Furthermore, doctors including myself who put forward the possibility of non-sexual transmission in particular cases in the courtroom, are likely to be presented with statements from The physical signs of child sexual abuse which will be used to discredit or override my review. These guidelines may serve to misinform some of those involved in the care of children and young people.
Apart for the cases in which I have been involved, it is clear that in New Zealand at least, if gonorrhoea is found in a pre-pubertal child beyond the newborn age sexual abuse is presumed a "medical certainty". In 11 years there were 14 cases seen at the Auckland children's hospital (Kelly P. 2002: NZ Med J 2002;115(1163). All were taken to their GP with genital symptoms and abuse was not suspected until the gonorrhoea was detected, but all cases were deemed sexual abuse. The identity of the perpetrator was deduced 'based on who was in contact with child during incubation period'. The outcome of these cases were convictions of suspected abusers, children taken into care and families fleeing the country. It is not possible to know if at least some of these cases were the result of accidental transmission, because this possibility was not considered. It is not known how many cases are occurring in the UK and elsewhere where children are found to be positive for gonorrhoea and sexual abuse is automatically assumed.

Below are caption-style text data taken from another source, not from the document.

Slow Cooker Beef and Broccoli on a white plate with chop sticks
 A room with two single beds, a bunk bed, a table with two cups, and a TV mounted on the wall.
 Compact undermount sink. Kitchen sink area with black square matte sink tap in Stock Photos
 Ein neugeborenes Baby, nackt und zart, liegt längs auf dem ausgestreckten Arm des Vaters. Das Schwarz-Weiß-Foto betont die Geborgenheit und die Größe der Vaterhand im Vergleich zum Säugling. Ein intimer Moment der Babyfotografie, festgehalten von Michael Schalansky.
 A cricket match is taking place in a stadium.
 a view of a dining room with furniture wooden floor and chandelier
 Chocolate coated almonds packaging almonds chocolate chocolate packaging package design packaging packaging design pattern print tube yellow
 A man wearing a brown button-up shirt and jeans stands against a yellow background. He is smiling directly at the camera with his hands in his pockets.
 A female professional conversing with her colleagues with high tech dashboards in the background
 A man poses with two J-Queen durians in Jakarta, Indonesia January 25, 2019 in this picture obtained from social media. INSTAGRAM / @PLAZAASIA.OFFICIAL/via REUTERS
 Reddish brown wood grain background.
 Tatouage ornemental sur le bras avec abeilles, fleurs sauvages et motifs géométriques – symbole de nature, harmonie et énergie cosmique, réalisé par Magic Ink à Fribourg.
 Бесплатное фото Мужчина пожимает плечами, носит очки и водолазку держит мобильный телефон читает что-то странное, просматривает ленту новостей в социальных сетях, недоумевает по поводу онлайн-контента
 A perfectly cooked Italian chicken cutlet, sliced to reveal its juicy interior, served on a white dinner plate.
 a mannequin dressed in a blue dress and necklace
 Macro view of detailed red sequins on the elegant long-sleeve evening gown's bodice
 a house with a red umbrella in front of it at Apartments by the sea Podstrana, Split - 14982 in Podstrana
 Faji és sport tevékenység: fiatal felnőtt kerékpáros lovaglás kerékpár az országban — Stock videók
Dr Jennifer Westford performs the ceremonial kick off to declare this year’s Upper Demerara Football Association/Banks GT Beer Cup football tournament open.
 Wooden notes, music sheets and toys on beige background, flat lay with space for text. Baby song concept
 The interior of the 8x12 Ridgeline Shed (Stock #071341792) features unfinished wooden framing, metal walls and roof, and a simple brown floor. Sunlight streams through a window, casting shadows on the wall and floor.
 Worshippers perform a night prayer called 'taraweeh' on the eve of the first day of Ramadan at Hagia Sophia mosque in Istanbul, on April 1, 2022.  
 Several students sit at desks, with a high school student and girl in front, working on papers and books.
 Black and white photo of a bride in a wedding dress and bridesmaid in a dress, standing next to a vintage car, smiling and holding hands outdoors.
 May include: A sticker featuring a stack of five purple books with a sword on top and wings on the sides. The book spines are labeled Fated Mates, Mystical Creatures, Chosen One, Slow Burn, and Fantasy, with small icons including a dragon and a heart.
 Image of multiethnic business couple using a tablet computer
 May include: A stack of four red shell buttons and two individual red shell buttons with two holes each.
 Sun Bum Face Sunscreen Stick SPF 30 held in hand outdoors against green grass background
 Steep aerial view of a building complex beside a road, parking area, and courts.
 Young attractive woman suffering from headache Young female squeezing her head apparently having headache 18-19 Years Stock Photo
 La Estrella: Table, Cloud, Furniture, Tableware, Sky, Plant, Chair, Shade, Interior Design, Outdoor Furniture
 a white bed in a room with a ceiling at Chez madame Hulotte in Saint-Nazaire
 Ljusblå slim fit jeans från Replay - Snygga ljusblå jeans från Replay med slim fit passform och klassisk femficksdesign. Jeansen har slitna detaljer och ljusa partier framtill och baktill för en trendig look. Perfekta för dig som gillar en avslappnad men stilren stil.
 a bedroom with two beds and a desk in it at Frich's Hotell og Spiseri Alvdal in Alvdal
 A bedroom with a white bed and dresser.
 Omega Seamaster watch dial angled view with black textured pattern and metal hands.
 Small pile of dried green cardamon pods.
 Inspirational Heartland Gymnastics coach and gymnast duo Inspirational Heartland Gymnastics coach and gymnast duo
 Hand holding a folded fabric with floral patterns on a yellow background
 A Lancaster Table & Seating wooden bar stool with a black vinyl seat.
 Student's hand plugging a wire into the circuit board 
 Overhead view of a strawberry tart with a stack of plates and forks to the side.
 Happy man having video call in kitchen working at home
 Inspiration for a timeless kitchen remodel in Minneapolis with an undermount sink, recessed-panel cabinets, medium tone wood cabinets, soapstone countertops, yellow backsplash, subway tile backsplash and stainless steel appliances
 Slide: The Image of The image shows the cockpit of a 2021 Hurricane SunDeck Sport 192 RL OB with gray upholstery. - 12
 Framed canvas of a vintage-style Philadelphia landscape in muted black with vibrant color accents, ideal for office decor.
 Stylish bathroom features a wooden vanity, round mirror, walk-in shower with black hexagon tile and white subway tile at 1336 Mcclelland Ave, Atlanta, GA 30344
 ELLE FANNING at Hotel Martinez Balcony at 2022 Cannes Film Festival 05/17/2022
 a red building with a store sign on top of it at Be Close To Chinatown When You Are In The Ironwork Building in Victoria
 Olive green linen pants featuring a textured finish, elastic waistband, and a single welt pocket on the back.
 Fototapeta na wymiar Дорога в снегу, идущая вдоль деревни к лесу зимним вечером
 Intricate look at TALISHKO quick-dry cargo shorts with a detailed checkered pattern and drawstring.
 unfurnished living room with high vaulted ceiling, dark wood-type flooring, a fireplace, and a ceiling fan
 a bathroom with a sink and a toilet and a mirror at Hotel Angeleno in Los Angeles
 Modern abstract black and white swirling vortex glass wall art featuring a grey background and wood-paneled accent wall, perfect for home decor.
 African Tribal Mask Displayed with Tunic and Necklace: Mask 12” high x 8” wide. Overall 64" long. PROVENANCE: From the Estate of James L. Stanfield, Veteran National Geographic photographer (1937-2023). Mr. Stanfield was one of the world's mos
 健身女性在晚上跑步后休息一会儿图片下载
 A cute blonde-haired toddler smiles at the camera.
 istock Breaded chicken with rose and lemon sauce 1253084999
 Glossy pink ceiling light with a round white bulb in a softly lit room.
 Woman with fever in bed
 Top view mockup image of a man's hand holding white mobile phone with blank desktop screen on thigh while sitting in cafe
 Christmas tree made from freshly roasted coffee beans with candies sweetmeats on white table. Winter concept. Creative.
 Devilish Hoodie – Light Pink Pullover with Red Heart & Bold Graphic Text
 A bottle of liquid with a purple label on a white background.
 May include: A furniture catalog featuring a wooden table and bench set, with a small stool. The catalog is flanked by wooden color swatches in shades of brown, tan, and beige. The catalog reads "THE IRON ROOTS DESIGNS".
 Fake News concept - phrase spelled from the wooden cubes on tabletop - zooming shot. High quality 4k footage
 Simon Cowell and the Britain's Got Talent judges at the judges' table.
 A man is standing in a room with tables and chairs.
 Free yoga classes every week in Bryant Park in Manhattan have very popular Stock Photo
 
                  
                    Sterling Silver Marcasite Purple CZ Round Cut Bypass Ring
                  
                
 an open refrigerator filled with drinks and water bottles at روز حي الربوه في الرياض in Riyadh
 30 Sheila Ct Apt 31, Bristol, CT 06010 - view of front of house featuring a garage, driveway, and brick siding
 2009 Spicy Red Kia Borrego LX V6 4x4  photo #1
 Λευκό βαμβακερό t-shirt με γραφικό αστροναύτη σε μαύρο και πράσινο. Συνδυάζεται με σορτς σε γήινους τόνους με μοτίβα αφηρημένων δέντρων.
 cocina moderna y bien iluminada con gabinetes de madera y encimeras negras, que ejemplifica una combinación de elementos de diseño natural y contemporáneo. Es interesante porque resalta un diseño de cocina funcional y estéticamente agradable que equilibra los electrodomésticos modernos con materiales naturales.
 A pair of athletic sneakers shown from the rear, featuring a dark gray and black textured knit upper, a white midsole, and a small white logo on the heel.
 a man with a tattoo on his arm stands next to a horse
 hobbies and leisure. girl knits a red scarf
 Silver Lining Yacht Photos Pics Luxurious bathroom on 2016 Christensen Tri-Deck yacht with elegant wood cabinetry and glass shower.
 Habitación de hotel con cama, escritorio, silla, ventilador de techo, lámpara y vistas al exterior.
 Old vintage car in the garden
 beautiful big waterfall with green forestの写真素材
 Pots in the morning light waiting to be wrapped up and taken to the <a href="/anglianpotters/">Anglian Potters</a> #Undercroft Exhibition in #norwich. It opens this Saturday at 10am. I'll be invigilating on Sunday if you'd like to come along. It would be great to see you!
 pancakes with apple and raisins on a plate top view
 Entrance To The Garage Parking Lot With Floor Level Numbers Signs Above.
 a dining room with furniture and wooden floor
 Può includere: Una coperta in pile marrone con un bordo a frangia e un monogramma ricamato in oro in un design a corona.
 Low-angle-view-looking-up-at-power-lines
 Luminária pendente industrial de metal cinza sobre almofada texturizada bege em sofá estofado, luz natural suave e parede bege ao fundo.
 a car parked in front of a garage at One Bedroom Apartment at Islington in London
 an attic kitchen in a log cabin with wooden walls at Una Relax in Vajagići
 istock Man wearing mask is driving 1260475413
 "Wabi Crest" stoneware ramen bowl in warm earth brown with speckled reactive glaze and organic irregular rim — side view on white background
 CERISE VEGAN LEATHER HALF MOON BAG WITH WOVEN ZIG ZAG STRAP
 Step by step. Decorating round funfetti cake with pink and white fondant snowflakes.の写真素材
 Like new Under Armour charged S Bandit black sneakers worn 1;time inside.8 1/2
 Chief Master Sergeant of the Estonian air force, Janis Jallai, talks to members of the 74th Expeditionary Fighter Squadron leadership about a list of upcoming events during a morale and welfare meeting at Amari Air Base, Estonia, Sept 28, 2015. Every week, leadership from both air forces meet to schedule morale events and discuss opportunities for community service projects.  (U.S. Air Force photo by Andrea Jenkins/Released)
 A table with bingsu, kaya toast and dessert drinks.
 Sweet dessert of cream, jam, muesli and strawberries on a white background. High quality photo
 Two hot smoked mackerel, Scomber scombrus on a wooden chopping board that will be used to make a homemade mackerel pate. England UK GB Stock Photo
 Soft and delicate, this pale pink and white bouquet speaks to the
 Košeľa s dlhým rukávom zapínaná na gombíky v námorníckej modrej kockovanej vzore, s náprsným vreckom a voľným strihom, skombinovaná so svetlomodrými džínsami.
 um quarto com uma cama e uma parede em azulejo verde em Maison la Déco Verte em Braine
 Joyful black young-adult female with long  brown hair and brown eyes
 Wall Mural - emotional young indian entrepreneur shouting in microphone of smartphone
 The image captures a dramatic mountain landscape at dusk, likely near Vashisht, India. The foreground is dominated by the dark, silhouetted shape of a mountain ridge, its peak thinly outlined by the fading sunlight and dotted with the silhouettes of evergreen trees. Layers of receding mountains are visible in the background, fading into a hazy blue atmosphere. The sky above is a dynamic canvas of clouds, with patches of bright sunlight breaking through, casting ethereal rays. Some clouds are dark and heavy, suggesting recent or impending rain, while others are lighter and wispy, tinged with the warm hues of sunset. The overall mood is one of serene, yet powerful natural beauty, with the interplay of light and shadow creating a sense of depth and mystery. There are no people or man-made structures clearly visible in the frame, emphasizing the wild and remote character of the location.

Clearly it is difficult to determine whether transmission has been sexual or non-sexual. In the past, cases of sexual abuse may have been missed. The current thinking is that gonorrhoea is definitive evidence of sexual abuse or contact, yet there is conclusive evidence that accidental contamination may occur on occasions. It is my recommendation that all such cases must be taken seriously and considered on case-by-case basis. Missing sexual abuse has serious social and legal consequences, but removing children from their parents on wrongful assumptions can be equally damaging. Doctors and lawyers should be cognisant of the large body of literature demonstrating both sexual and non-sexual means of transmission of gonorrhoea in children.